On December 5, while most eyes were on the Supreme Court, which was looking at the detainees' claims that the habeas-stripping components of the MCA were unconstitutional, Hamdan's lawyers were explaining to Allred, in a makeshift courtroom in Guantánamo, that, although Hamdan was a driver for Osama bin Laden, he was, essentially, a civilian who got caught up in the war in Afghanistan, and should therefore be regarded as a Prisoner of War, as defined by the Geneva Conventions, which would mean that he was ineligible for trial by Military Commission.
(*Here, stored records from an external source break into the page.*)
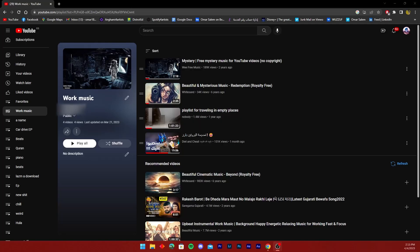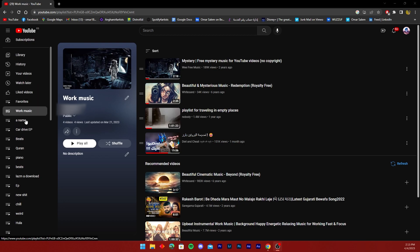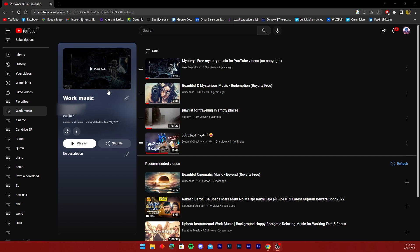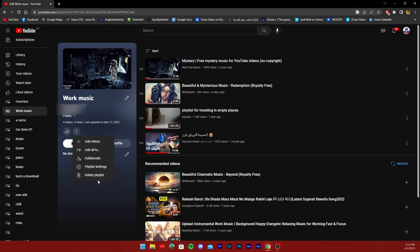Hello ladies and gentlemen, today I'm going to show you how to delete a playlist on YouTube. Once you're on your YouTube profile and you've scrolled over to the playlist that you want to delete, scroll over to the three dots. Once you click on it, it's going to give you the option to delete the playlist — just like that.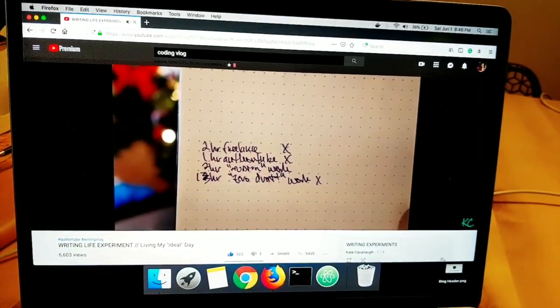I was thinking about how to figure out her writing process, and I found that Kate made a very helpful video about her ideal writing day. At the end of that video, she has a breakdown of what her ideal working day would look like: two hours of freelance, one hour of AuthorTube, two hours of revision work, and one hour of zero draft work. Kate is also a freelance writer, so that's what she means by two hours of freelance. I don't have any freelance work, but I am working on a personal blog post, so that's what I'll do in those two hours. Then one hour of AuthorTube — I'm going to work on this video for one hour. Then two hours of revision work and one hour of zero draft work.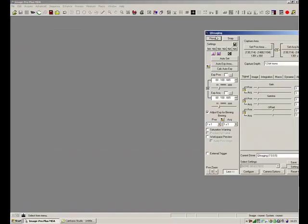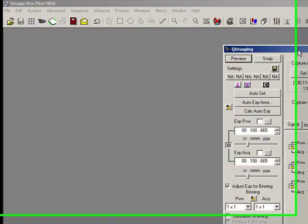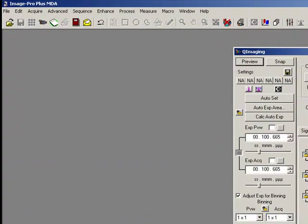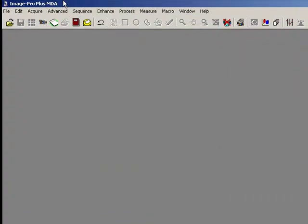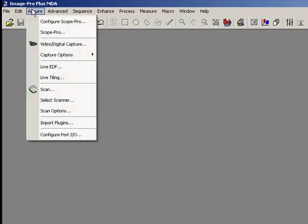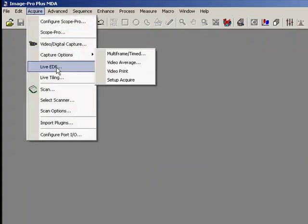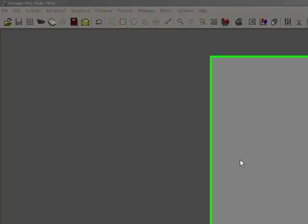But what we can actually do now is use the Live Tiling plugin for Image Pro, which is under Acquire and Live EDF.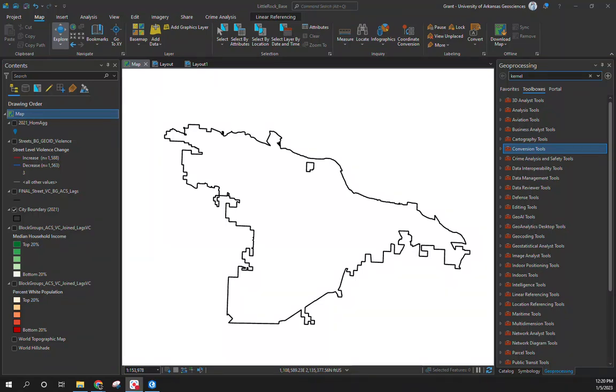Happy New Year everyone. Today's video is going to focus on creating a kernel density or hotspot map using some crime data for Little Rock. This is an example of how to take a raster then convert it to a vector format. We're going to do point because after much frustration I remembered why the polygon and integer issue exists.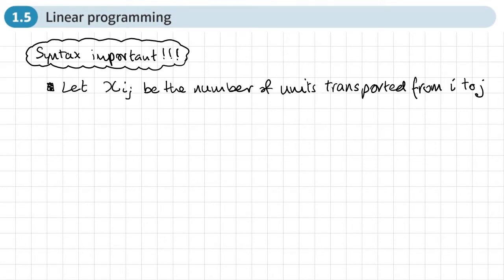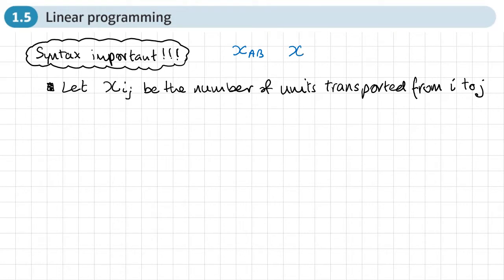The first thing we need to do is define our variables. We write down something like: let x sub ij be the number of units transported from i to j. For example, x sub ab would be the number of units transported from a to b, and x sub xc would be the number of units transported from x to c.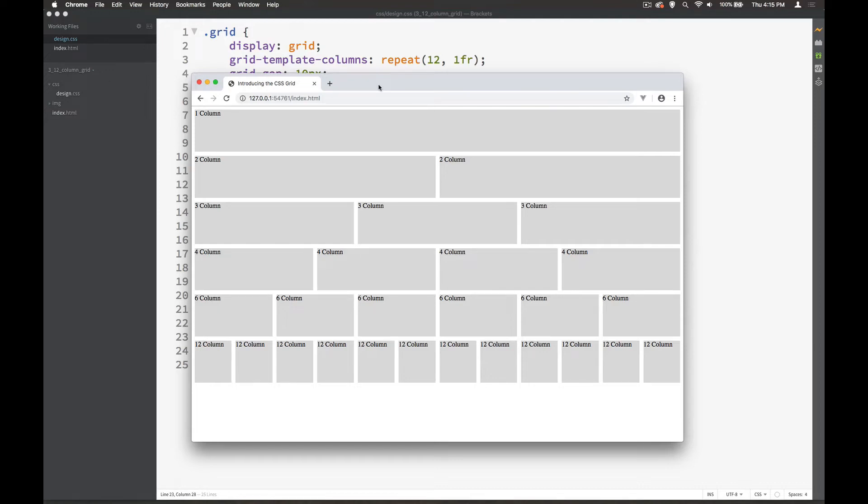Sooner or later you're going to come up against the term responsive web design, and your website is going to look pretty silly on smaller sized devices.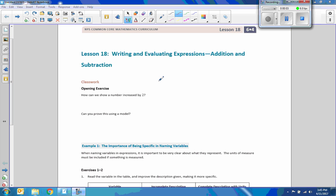Hi there, Mr. Holcomb here with another episode of The Math Behind the Modules. This is lesson 18, Writing and Evaluating Expressions, Addition and Subtraction.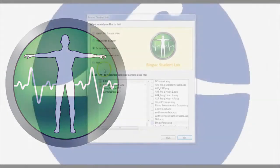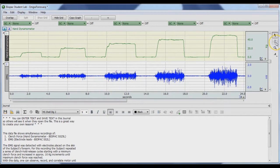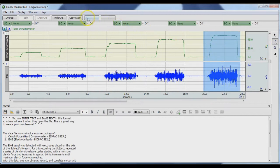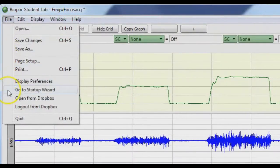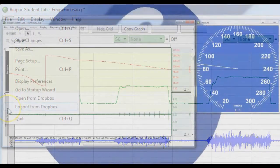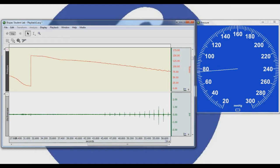Free BSL student software provides tools for lesson prep and data analysis outside of class, so lab time can be focused on enabling more students to record data from their own bodies. Data can be printed, emailed, or sent to Dropbox from within the BSL software, so students can easily submit assignments or share and review group data.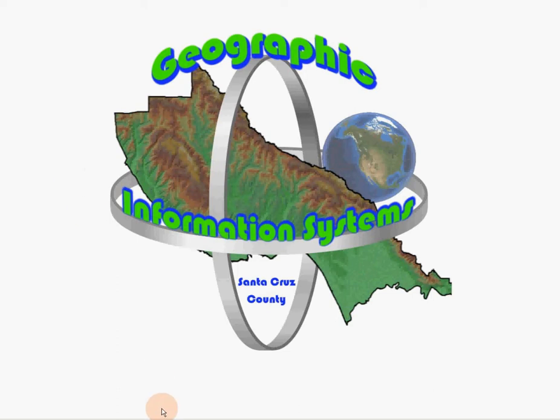Hi, Paul here from Santa Cruz County GIS. This is video number three of our video learning series, designed to get you familiar with using our online mapping application, GIS Web. This video will explore the user interface of GIS Web so you can take full advantage of the application.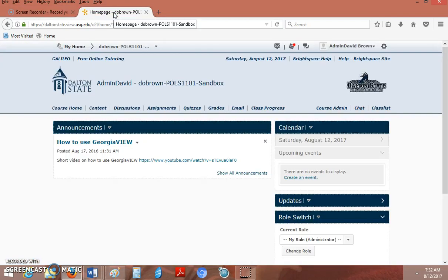Hi, my name is David Brown and today I want to show you how to use Turnitin at Dalton State College. The good news is Turnitin is already in your Georgia View course. You just have to go activate it.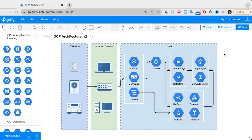This tutorial will show you how to make a GCP Architecture Diagram, which is a diagram that visualizes how an organization plans to use or uses Google Cloud Platform's computing services. Making a cloud architecture diagram like this is great because it can help you plan for and implement changes to the services you're using, or give you a way to explain the technical details of your GCP implementation to non-technical stakeholders within your organization.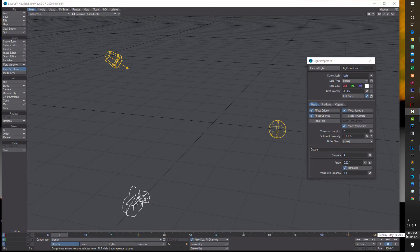Hey, what's happening? I'm just doing a quick and easy tutorial on how to make headlights or searchlights in LightWave. This is just something for fun, kind of quick and easy.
Ignoring the case put forward by the prosecution - who screened a video of bin Laden and Hamdan at a feast, and presented as a witness a US army officer who testified that Afghan forces under his command had captured Hamdan at a roadblock in November 2001, driving, alone, in a car that contained two surface-to-air missiles - Allred's decision to review Hamdan's status essentially followed on from the dissent he expressed in June, when he explicitly stated that Hamdan had never received "an individuated determination" that he was an unlawful combatant, as required by the Geneva Conventions, and that without this determination he and other detainees were entitled to be treated as Prisoners of War.

In a four-page ruling, Allred cited various legal sources, and took exception to the position held by both the government and Congress, who have both argued that Hamdan's CSRT was the equivalent of a status determination conforming to Article 5 of the Third Geneva Convention, which states that, should there be any doubt about the status of prisoners, who, like many of the Guantánamo detainees including Hamdan, were not part of a regular army in uniform, "such persons shall enjoy the protection of the present Convention until such time as their status has been determined by a competent tribunal."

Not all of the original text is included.